Whether it is through a process of stitching, drawing or glass blowing; the body and its myriad of imperfections are mirrored in the wonky, the awkward and asymmetrical. While each artist has often worked on a larger scale, their respective work has remained tied to the intimacy of the handmade.  Within the exhibition Jonathan Baldock will present a carpeted installation including domestically scaled figurative sculptures. The artist's recent work has focused on a highly stylised articulation of the human body, combining Modernist and folkloric motifs. The artist's cast of enigmatic sculptures and constructed objects are like characters from an imagined theatrical production. With their distended anthropomorphism and their frequent use of bright colours and soft materials, Baldock's sculptures are luxuriant and sensual, yet these sensibilities remain tempered by qualities that resist easy assimilation. 
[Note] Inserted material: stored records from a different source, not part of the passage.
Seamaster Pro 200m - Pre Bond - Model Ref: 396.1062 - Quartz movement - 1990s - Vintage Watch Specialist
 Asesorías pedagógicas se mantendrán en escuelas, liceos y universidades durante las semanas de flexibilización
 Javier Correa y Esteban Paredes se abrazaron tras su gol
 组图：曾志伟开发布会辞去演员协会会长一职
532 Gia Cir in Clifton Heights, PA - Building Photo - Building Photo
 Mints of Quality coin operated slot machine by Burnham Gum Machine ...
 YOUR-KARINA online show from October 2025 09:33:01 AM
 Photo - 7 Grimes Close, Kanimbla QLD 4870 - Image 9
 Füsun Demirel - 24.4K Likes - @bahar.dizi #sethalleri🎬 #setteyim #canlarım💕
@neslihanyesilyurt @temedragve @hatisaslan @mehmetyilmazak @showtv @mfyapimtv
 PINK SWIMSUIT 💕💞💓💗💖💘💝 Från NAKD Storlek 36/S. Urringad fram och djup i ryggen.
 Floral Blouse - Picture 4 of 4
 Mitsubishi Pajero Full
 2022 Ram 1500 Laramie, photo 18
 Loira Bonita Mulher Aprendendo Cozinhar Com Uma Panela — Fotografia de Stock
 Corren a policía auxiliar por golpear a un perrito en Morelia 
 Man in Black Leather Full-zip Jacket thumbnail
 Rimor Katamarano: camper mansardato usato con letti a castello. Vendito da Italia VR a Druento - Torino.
Nicholas Pope, working with master glass maker James Maskrey, has made a new series of 14 glass chalices inspired by the Seven Virtues and Seven Deadly Sins. Made over a six month period at the National Glass Centre in 2015, this commission is the first time Pope has worked with glass. Working from the artist's original drawings, the glass chalices translate mark making into glass blowing, manifesting a complex relationship between artist and maker. Maskrey, a glass maker with over 25 years experience, noted that the commission was one of his most technically demanding projects to date. With the drawings displayed alongside the chalices, audiences are offered a unique opportunity to see this translation in proximity. To accompany the exhibition, Pope's 'Yahweh and the Seraphim' (1995) will be presented in the UK for the first time at Sunderland Minster. Last displayed at the Stedelijk Museum in Holland, the sculpture articulates Pope's theological interests, leading on from the artist's recent installation of 'Apostles Speaking in Tongues' at Salisbury Cathedral in 2014. 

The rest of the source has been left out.